Case in point; Tooth Fairies that fly around eating people so there's nothing left shouldn't be even vaguely cute but they are. So they have big massive fangs, so what? There's a scene here that shows that they're slightly cuddly, when Johan Krauss (come back to him later) revives one and it starts "talking" to the others giving them information about who bought him and his little ravenous chums. Lurvely.

By no stretch of the imagination is this creation cute but the Angel of Death is also something to behold, even if his appearance is slightly spoilt by the movie's only walk into sickly-sweet "please don't die on me" territory. At first I thought, "nice eyes" (plastered liberally on his wings, a nice touch) but then there was something just a little more menacing about it - it was around seven feet tall and loomed over everything...

And then there's Johan, possibly one of the funniest and strangest characters I've seen in ages. He's German, wears a rather large diving/space suit and oh, did I mention that he's made entirely of gas? This gaseous element of Johan provides possibly the most comical moment of the whole film - no, not that bit where he keeps whacking Hellboy with the locker doors, the bit just after where he minces along thoroughly pleased with what he's achieved. Although, he does come out with same rather good lines as well. I enjoyed his transformation from a tied-to-the-rules figure to a more liberal, carefree person. Gas person. Whatever...

But hey, I was disappointed because when I read a preview in the Empire about the film I saw a character named "Cathedralhead" (I won't patronise you by explaining it) and thought he was going to be a prominent chracter. So imagine my disappointment to learn that he only actually appears on screen for a maximum of, well, a minute!! I was fuming. The film needed more Cathedralhead action...

But overall, the narrative turns out to be ever so slightly predictable. While you couldn't quite figure out overall what was to happen between the people, you always had this feeling that they weren't going to die or let the bad guys win. Hey, what kind of superhero movie is going to let its main chracters die and let the baddies get away huh? Um, actually I'll come to that in my next post.

Too bad that everyone pretty much neglected Hellboy this summer - despite being a great bit of fun no-one was really that bothered.
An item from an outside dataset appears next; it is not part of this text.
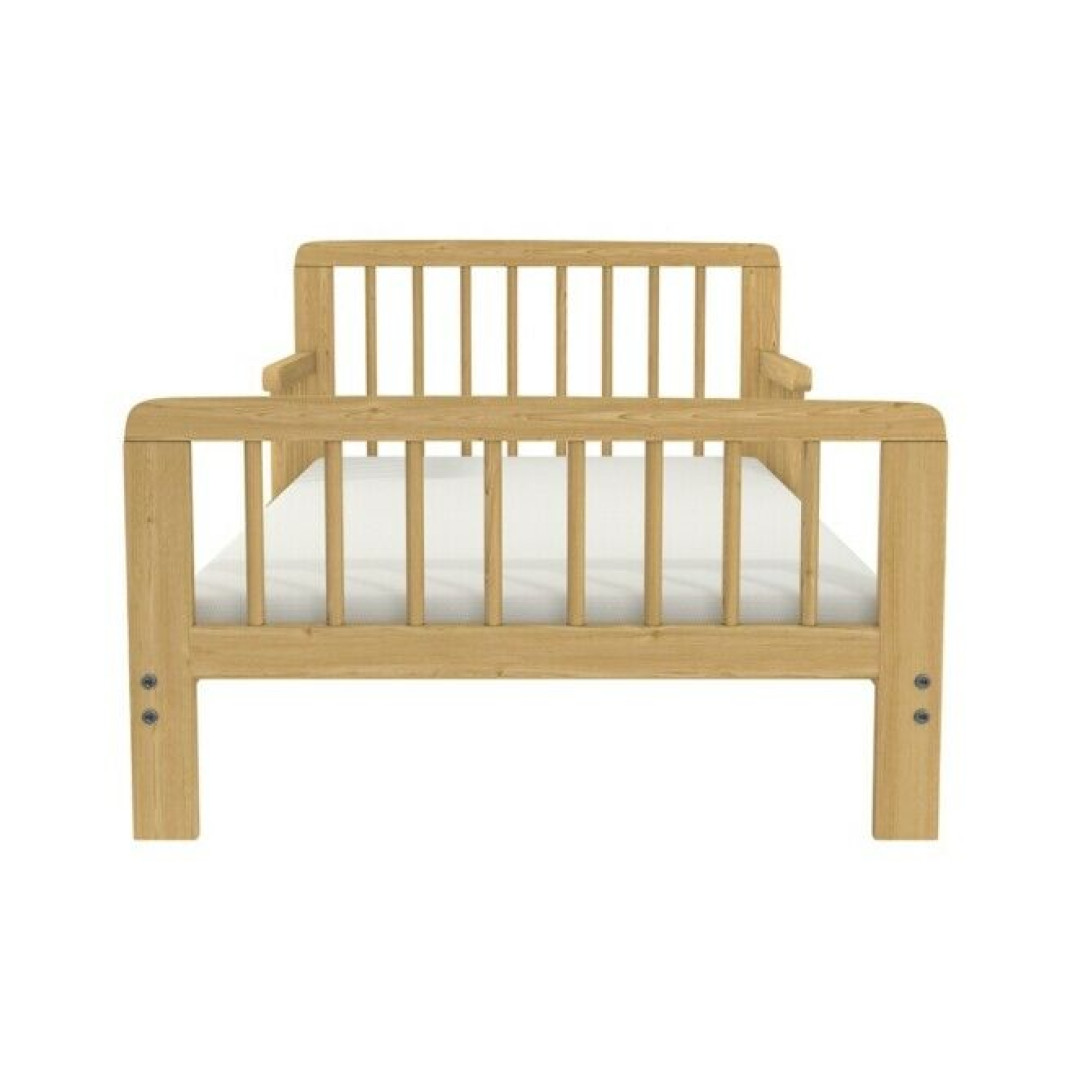 Toddler Bed and Mattress Set - Pine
Luckily Del Toro has the prospect of directing The Hobbit in front of him, so maybe more people will pay attention to that. I loved it really. I would hate to think what a terrible mess it would be if Peter Jackson had got his blood-stained paws on it and mauled the poor film with horrible creepy-crawlies and grotesque monsters like he did with King Kong (officially the most horrible film I've ever been to see - I don't want to ever see a man having his head bitten off by a giant maggot again. How on earth I was the only person in a packed cinema to sit through that sequence with eyes wide open is beyond me). Guillermo knows how to do it nicely.